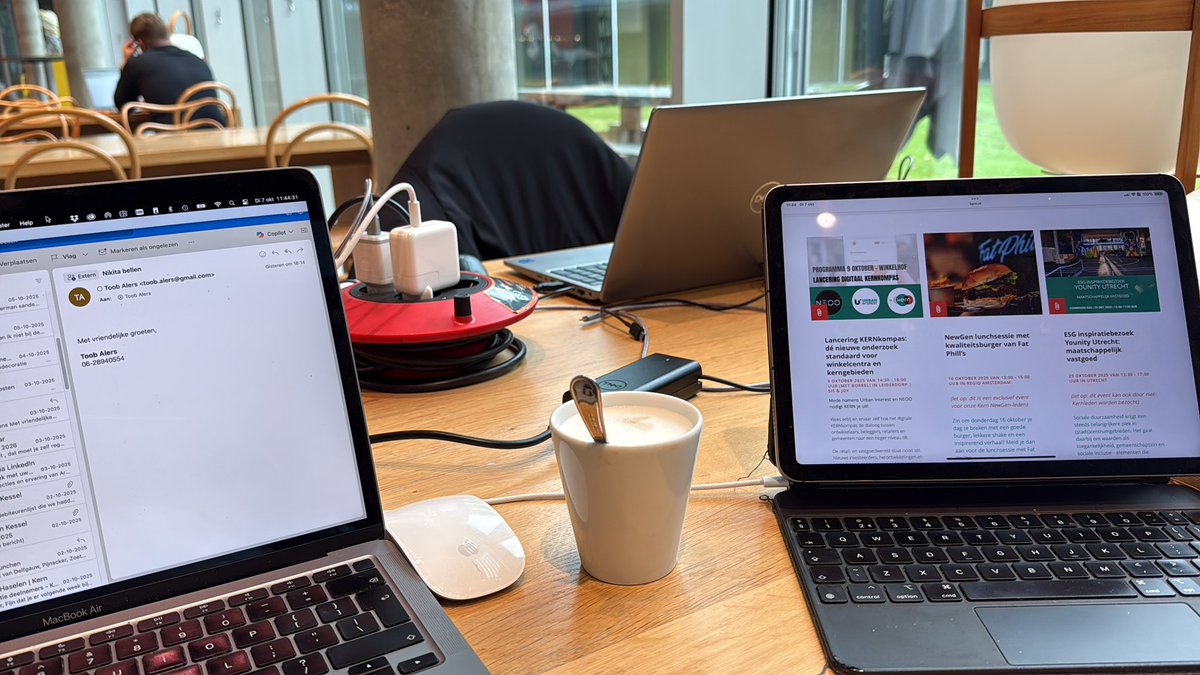 Toob_Alers's tweet image. Gewoon lekker aan het werk. Met of op hoeveel schermen werk jij tegelijkertijd tegenwoordig 😉

#kern #inretail #zeist #netwerk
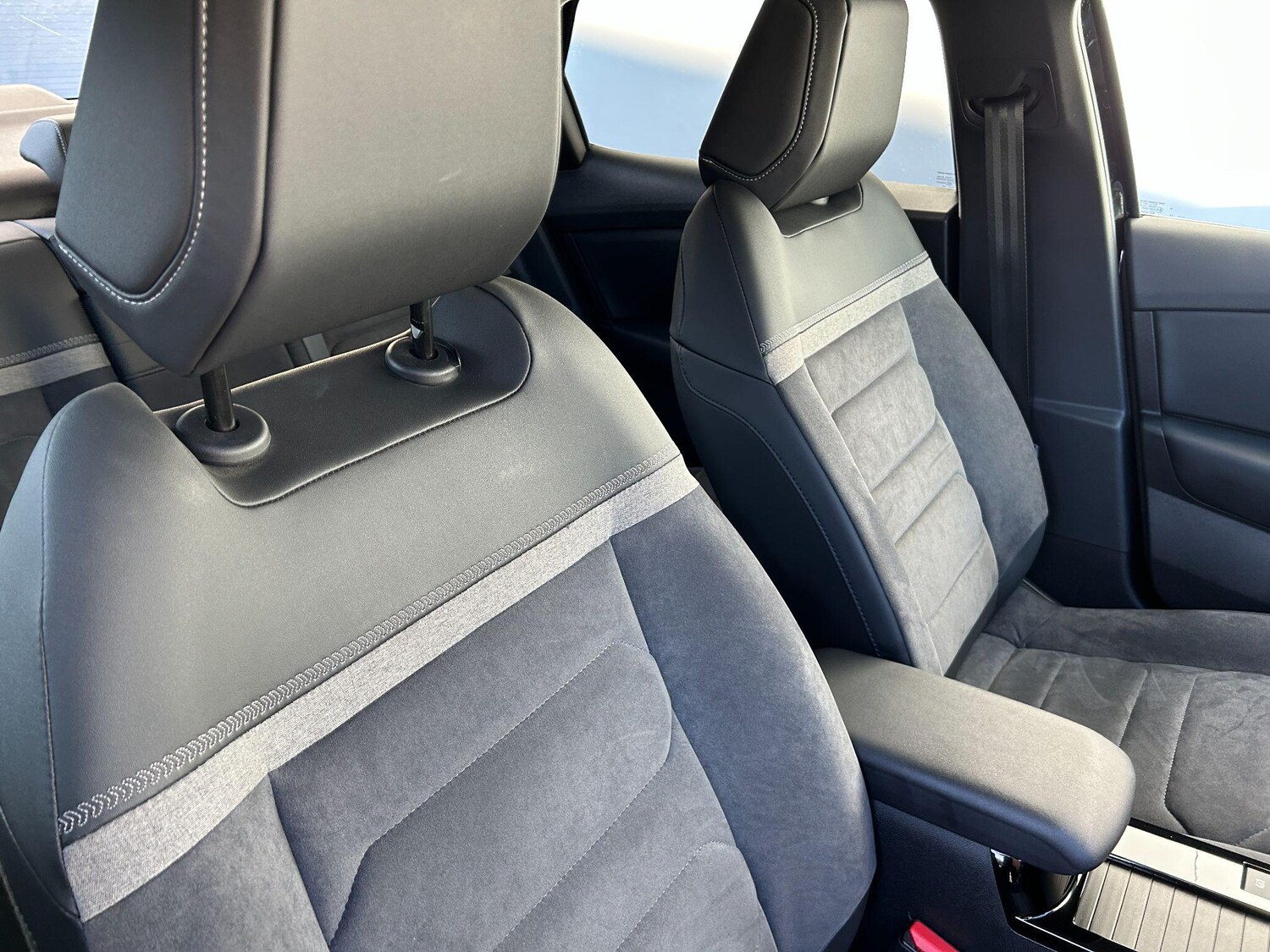 Used Citroen e-C4 X 2024 for sale - 76550199: Photo 7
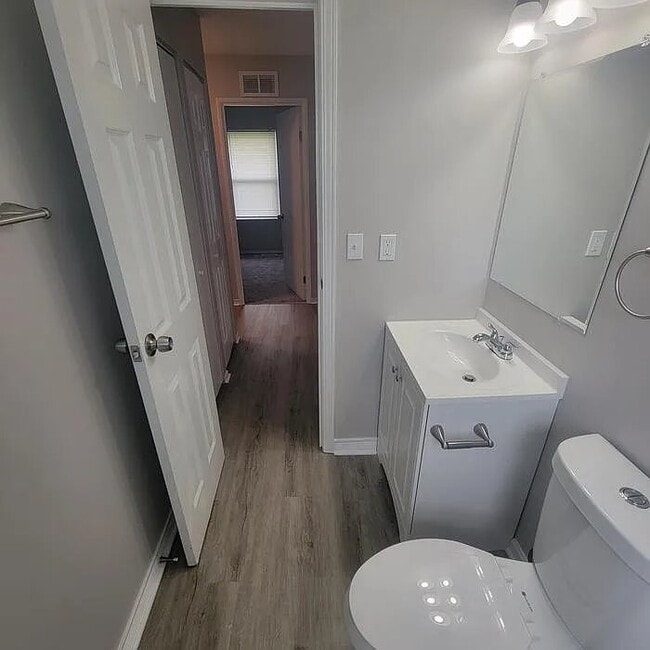 Building Photo - 6720 E 43rd Pl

## [Exercise goal]
Copy exactly the lines from the line holding "Used Citroen e-C4" to the final line of the listing, and leave the pictures out.

## [Finished exercise]
 Used Citroen e-C4 X 2024 for sale - 76550199: Photo 7
 Building Photo - 6720 E 43rd Pl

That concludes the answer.